|Publication number||US6687965 B2|
|Application number||US 10/101,335|
|Publication date||Feb 10, 2004|
|Filing date||Mar 20, 2002|
|Priority date||Jun 29, 2000|
|Also published as||US6385848, US20030084571|
|Publication number||10101335, 101335, US 6687965 B2, US 6687965B2, US-B2-6687965, US6687965 B2, US6687965B2|
|Original Assignee||Siemens Automotive Corporation|
|Export Citation||BiBTeX, EndNote, RefMan|
|Patent Citations (18), Referenced by (3), Classifications (16), Legal Events (5)|
|External Links: USPTO, USPTO Assignment, Espacenet|
The present application is a divisional application filed pursuant to 35 U.S.C. §§120 and 121 and claims the benefits if prior application Ser. No. 09/606,160 filed Jun. 29, 2000, now U.S. Pat. No. 6,385,848, which is hereby incorporated by reference in its entirety.
The present invention is directed to a method of setting armature/needle lift in a fuel injector by plastic deformation of a structural component of the fuel injector.
Fuel injectors are commonly employed in internal combustion engines to provide precise metering of fuel for introduction into each combustion chamber. Additionally, the fuel injector atomizes the fuel during injection, breaking the fuel into a large number of very small particles, increasing the surface area of the fuel being injected and allowing the oxidizer, typically ambient air, to more thoroughly mix with the fuel prior to combustion. The precise metering and atomization of the fuel reduces combustion emissions and increases the fuel efficiency of the engine.
An electro-magnetic fuel injector typically utilizes a solenoid assembly to supply an actuating force to a fuel metering valve. Typically, the fuel metering valve is a plunger style needle valve which reciprocates between a closed position, when the needle is seated in a valve seat along a sealing diameter to prevent fuel from escaping through a metering orifice disc into the combustion chamber, and an open position, where the needle is lifted from the valve seat, allowing fuel to discharge through the metering orifice for introduction into the combustion chamber.
Accurate lift set for the needle is important because the lift height affects the static flow of fuel through the injector. The previously known process of “direct lift set” requires very accurate machines and metering components, and special geometry between a lower subassembly and an upper subassembly of the injector to form a “lock” which holds the relative positions of the assemblies during connection of the subassemblies. The lower subassembly is generally comprised of a valve body, a seat/guide assembly, and an armature/needle assembly.

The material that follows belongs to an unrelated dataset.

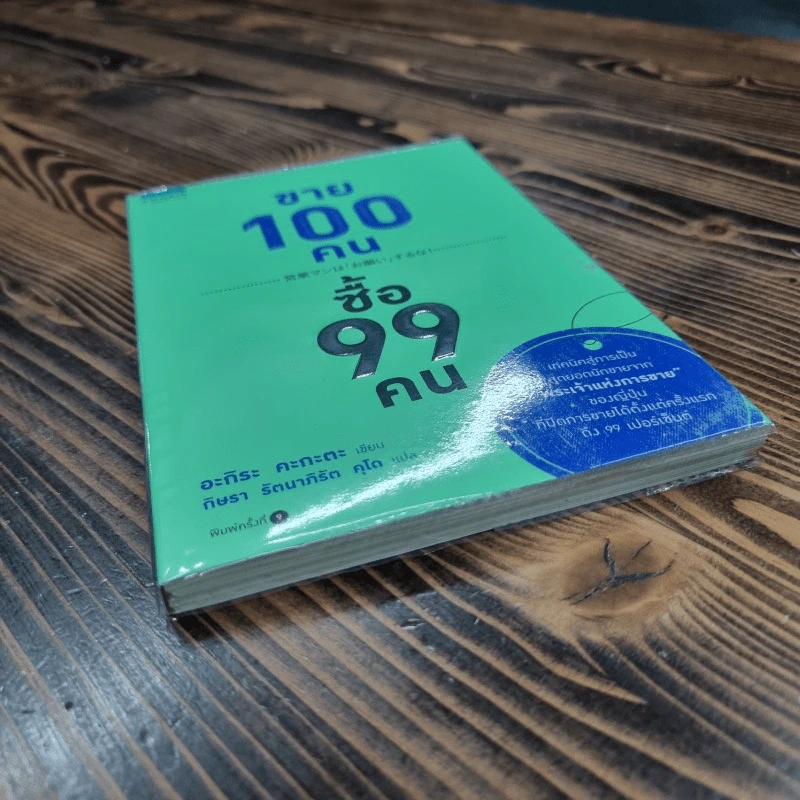 ขาย 100 คน ซื้อ 99 คน - Akira Kagata (อะกิระ คะกะตะ) รูปที่ 3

The upper subassembly is generally comprised of a coil, an inlet tube, a housing, a non-magnetic shell, and a valve body shell.

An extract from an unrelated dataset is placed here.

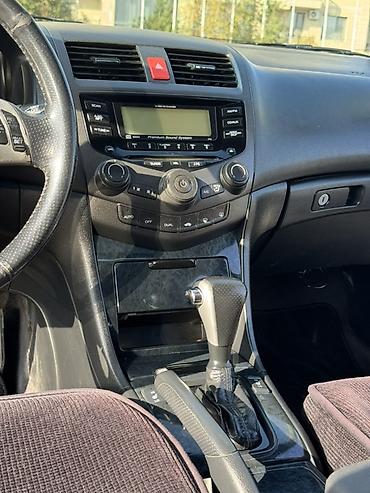 cl 7: Honda Accord: 2004 г., 2.4 л, Автомат, Бензин, Седан — 8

The upper and lower subassemblies are pressed together to set the lift, with the interface occurring between the valve body and the valve body shell. This press involves shearing metal, causing a “chip” to shear off the valve body shell into a groove in the valve body. When attempting to push the two subassemblies together, the motion required to force the desired relationship is quite variable. For example, a 1000 Newton force may cause no motion, but a 1005 Newton force may cause the subassemblies to move 100 microns with respect to each other. It is seen, therefore, that control of the relative motions is difficult. For example, if the tooling used to set the lift pushes the subassemblies 20 microns closer together, the individual parts in each subassembly may compress some unknown amount, and the relative position of the parts may move some other, also unknown, amount. There is no absolute control of the relative positions of the parts, which makes direct lift setting a less than perfect process.
It would be beneficial to develop a method of setting lift height by a method that ensures producing the desired lift height.

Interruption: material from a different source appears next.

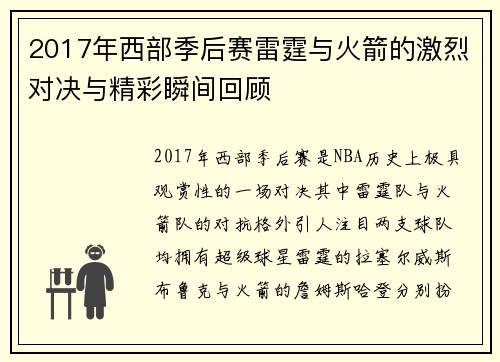 2017年西部季后赛雷霆与火箭的激烈对决与精彩瞬间回顾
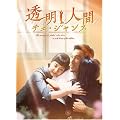 �����l�� �`�F�E�W�����X [DVD]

Briefly, the present invention provides a method of setting a distance between a first body and a second body. The method comprises providing an intermediate body having a first end, a second end and a longitudinal axis, the first end being fixedly connected to the first body and the second end being fixedly connected to the second body; and compressing the intermediate body toward the longitudinal axis and axially elongating the intermediate body, the first body being separated from the second body.
Further, the present invention provides a method of setting armature/needle lift in a fuel injector. The method comprises providing a non-magnetic shell having a first end, a second end and a longitudinal axis; fixedly connecting the first end with a first subassembly; inserting an second subassembly into the second end, the second subassembly engaging the first subassembly; fixedly connecting the second subassembly to the non-magnetic shell; and compressing the non-magnetic shell toward the longitudinal axis and axially elongating the non-magnetic shell, the first subassembly being separated from the second subassembly.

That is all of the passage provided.